Le prochain conseil, qui devait se tenir en Lombardie le 22 mai, a d’ores et déjà été annulé pour les mêmes raisons… en espérant toutefois que la pandémie en cours soit sur son déclin à cette date !
Prochain conseil : … le 15 mai, vraisemblablement encore en visioconférence.

FORMATION TARIF

Celle-ci a dû être annulée également ; il a même été envisagé de la faire en télé conférence mais cela n’a pas paru suffisamment « participatif ». Elle sera programmée pour la rentrée.

POINT SUR LES COTISATIONS

Depuis le début de l’année 2020, nous avons encaissé 28.125 € au titre des cotisations (incluant toutefois des cotisations 2019 réglées en retard).
Cette somme se décompose en 3 cotisations honoraires à 25 € soit 75 €, 186 cotisations normales à 150 € soit 27.900 €, et 1 cotisation membre bienfaiteur à 150 €. Or le fichier AAPPE comporte 414 adhérents, dont 12 membres d’honneur exonérés de cotisation. Donc au 19 mars, 213 adhérents n’ont pas encore réglé leur cotisation 2020. Le conseil a donc décidé de se résoudre à envoyer aux défaillants des années antérieures une lettre de rappel leur signalant qu’à défaut ils seraient retirés de l’annuaire et de l’accès au site pour les recherches de doctrine, d’avis et de jurisprudence, avant radiation éventuelle.

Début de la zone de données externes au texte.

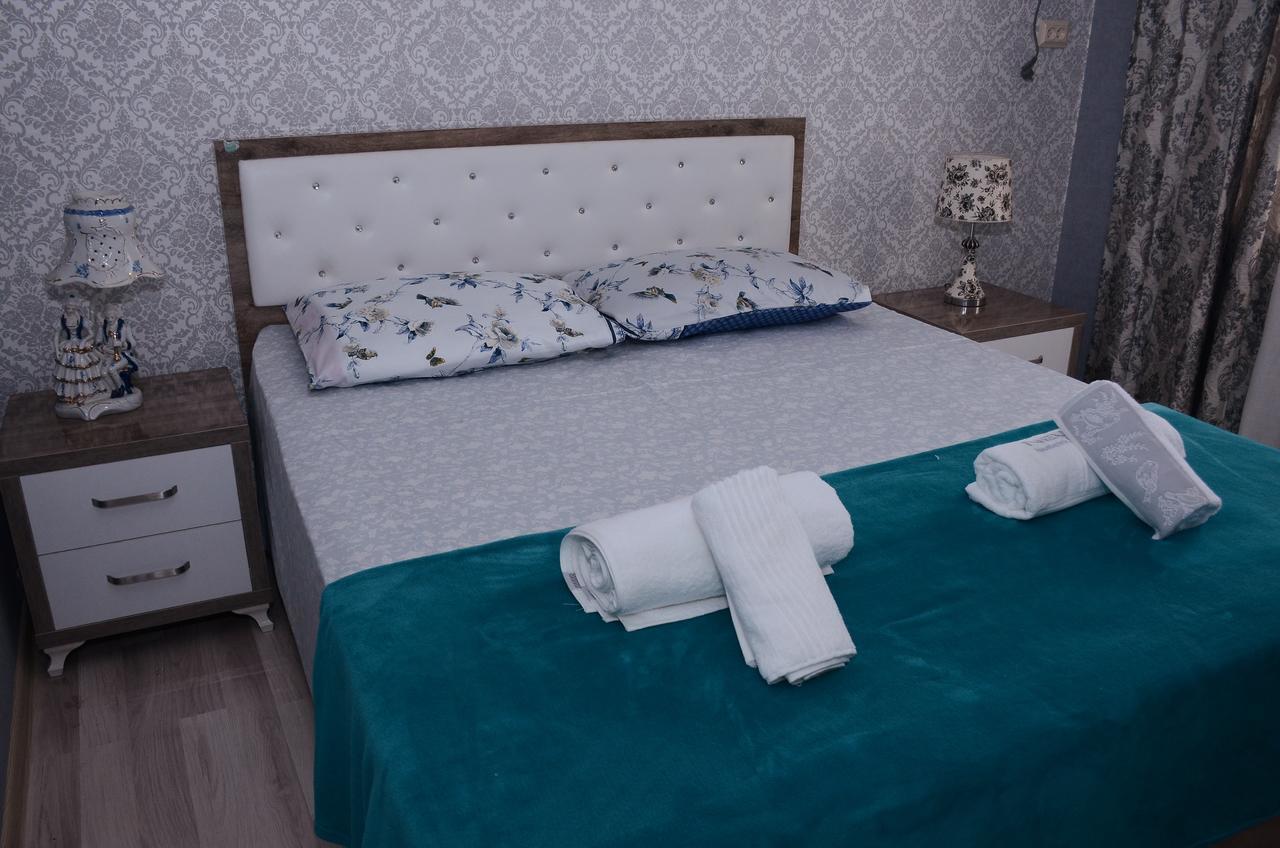 Nana'S House Hotel Batumi Bagian luar foto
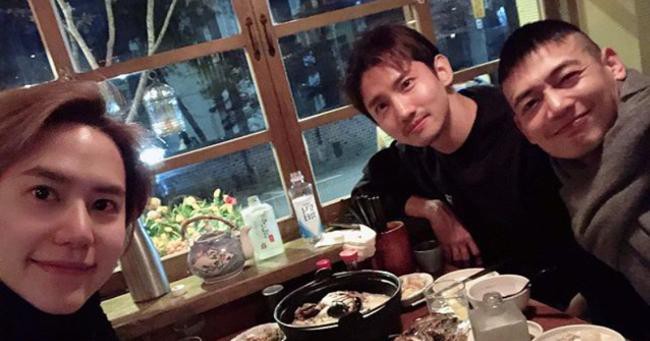 东方神起成员昌珉在个人IG上晒出与圭贤、珉豪合照，原来是好友年末聚餐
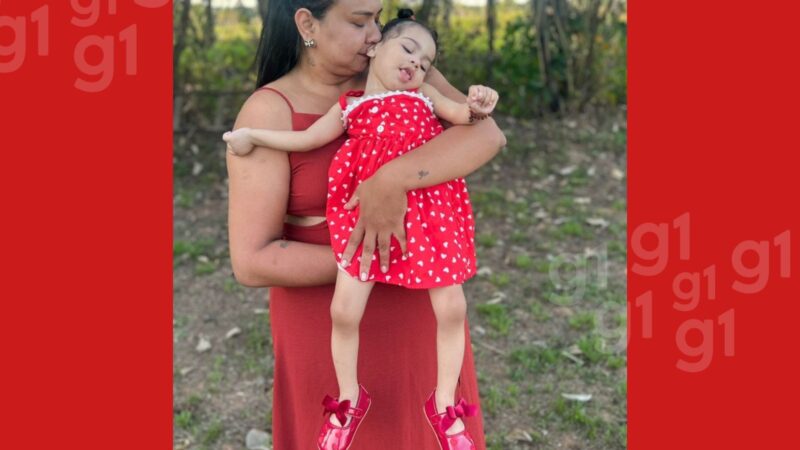 Mãe Acreana Arrecada Recursos Vendendo Doces para Tratamento da Filha no Rio de Janeiro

COLLOQUE PROCEDURE CIVILE : Le sujet est inévitable en cette année 2020 !

Il aura lieu le 11 décembre prochain, à Paris, à la maison du Barreau, et sera consacré à la réforme de la Procédure Civile, ou AUX réformes pourrait-on dire ! et pourrait se développer autour des thèmes suivants :
  • la saisine de la juridiction (incluant les règlements préalables et amiables)
  • la représentation
  • la mise en état (incluant la mise en état participative)
  • la procédure accélérée au fond
  • les exceptions
  • les moyens de défense
  • l’exécution provisoire
La commission colloque chargée de la préparation du colloque a prévu d’affiner son plan, de finaliser ses thèmes et développements et le choix de ses intervenants extérieurs, avec la participation acquise de Mr Arnaud Cermolacce, professeur agrégée des Universités, professeur à l’Université de Metz et à la Faculté Libre de droit de Paris, avocat au barreau de Paris.

COLLOQUE SUR LE CAUTIONNEMENT


Les textes que vous attendez tous, sur « LE CAUTIONNEMENT NOUVEAU ARRIVE » issus du colloque qui s’est tenu le 18 octobre 2019 à Marseille, sont en cours de publication et devraient vous être adressés… dès que la situation de confinement se sera enfin évaporée !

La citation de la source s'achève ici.